A sample-and-hold (“S/H”) circuit (hereinafter referenced generically as a “S/H circuit”) has a signal input terminal, a S/H clock input terminal, and a held signal output terminal. The S/H circuit receives, on the signal input terminal, an electrical signal with one or more time varying attributes such as, for example, amplitude or phase, and receives a sampling clock on the S/H clock input terminal. In response to a sampling command event such as, for example, one of a rising or falling edge of the S/H clock, the S/H circuit takes and then holds, on the held signal output terminal, a sample of the input signal.

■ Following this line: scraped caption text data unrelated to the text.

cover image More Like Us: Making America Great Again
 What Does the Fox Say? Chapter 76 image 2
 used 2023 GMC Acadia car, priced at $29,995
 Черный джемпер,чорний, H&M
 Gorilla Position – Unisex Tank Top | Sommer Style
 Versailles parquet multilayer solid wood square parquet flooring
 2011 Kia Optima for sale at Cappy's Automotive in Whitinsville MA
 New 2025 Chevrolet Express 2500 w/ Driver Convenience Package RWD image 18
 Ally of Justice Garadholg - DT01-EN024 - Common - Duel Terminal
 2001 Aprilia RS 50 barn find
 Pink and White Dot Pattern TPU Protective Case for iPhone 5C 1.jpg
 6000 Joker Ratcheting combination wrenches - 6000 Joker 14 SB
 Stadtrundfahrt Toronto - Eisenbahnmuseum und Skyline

Sample and hold circuits are used in a wide variety of applications such as, for example, analog-to-digital converter (“ADC”) devices, by sampling a time-varying input signal and presenting the held value to the signal input terminal of the ADC, to meet the set-up and hold requirements of the ADC comparators. Another example application is a “de-glitcher” at the output of a digital-to-analog converter (“DAC”), to sample the DAC output at delay after the DAC clock that is sufficient to allow output glitches to settle.
The sample held on the held signal output terminal of the S/H circuit is, ideally, the exact value of the input signal that existed at an exact point in space, at an exact point in time, where “exact” means accurate to infinite precision.
It has been long known, however, to persons of ordinary skill in the arts pertaining to S/H circuits that actual operating S/H circuits suffer from various non-ideal characteristics by which the actual sample at a given time after the sampling instant is not, in fact, the exact value of the input signal that was extant at that instant. These non-ideal characteristics include, for example, sampling jitter, meaning the statistical variance of the time difference between the ideal hold clock event and the instant that the S/H actually holds the sampled value; acquisition time, meaning the time required for the S/H circuit to charge the hold capacitor to the sampled signal value: as well as charge injection; clock feedthrough and pedestal error.
Various known methods are directed to reducing or compensating, at least in part, one or more of the above-identified non-ideal characteristics of actual S/H circuits.
For example, the simplest signal switch component of an S/H circuit is a single transistor fabricated by a MOS process, such as a PMOS FET or NMOS FET. Each of the PMOS FET and NMOS FET is controlled by a clock signal that swings between the MOS supply voltage VDD and the system ground. One problem inherent in a single transistor PMOS FET or NMOS FET structure, though, is that FETs require a threshold gate-to-source voltage, generally termed VTH, to switch ON, meaning to form a conducting channel extending under the gate from the source to the drain. The lowest signal voltage that can be transferred by a PMOS device is therefore equal to 0+VTH, and the highest voltage for an NMOS device is therefore equal to VDD−VTH.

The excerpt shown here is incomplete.